#### [WHAT TO PRODUCE]
Could you set down exactly the lines in the records below between the line holding "Now we've won" and the line holding "It says the", inclusive?

#### [THE DATA]

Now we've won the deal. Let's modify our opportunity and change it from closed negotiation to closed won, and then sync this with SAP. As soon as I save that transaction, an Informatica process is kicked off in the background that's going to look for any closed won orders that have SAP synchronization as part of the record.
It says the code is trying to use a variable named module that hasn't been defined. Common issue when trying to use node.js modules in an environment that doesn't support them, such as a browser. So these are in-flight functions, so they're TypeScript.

==

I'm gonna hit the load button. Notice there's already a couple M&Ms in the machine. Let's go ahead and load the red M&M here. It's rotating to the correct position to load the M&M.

* * *

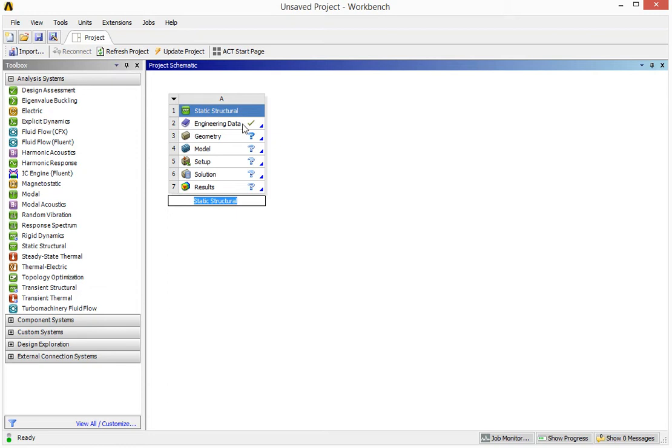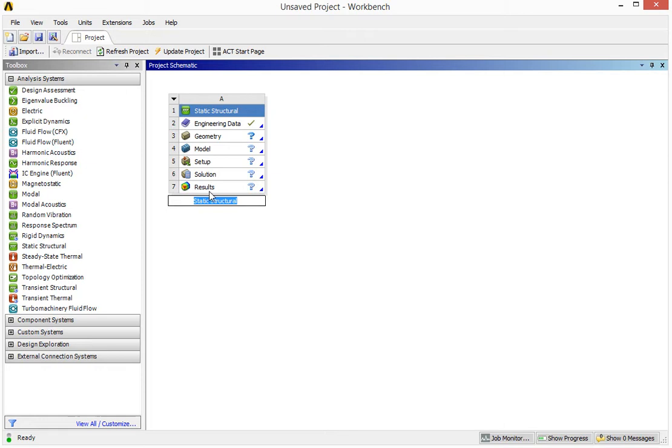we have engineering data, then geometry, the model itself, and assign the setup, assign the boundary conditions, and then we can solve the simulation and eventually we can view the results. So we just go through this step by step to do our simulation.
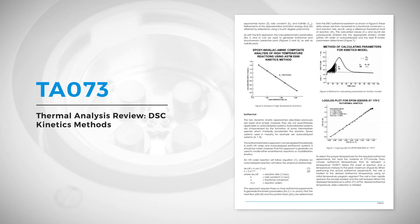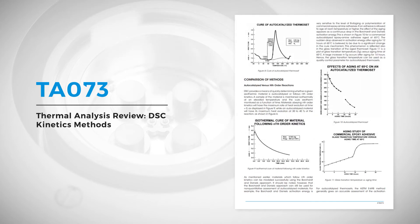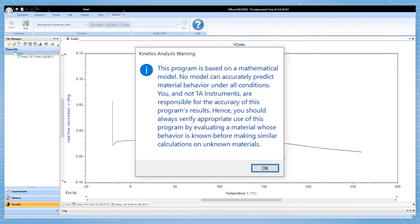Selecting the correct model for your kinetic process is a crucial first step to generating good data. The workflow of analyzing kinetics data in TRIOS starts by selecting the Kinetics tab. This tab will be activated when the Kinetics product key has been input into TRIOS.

#### [WORKED SOLUTION]
Now we've won the deal. Let's modify our opportunity and change it from closed negotiation to closed won, and then sync this with SAP. As soon as I save that transaction, an Informatica process is kicked off in the background that's going to look for any closed won orders that have SAP synchronization as part of the record.
It says the code is trying to use a variable named module that hasn't been defined. Common issue when trying to use node.js modules in an environment that doesn't support them, such as a browser. So these are in-flight functions, so they're TypeScript.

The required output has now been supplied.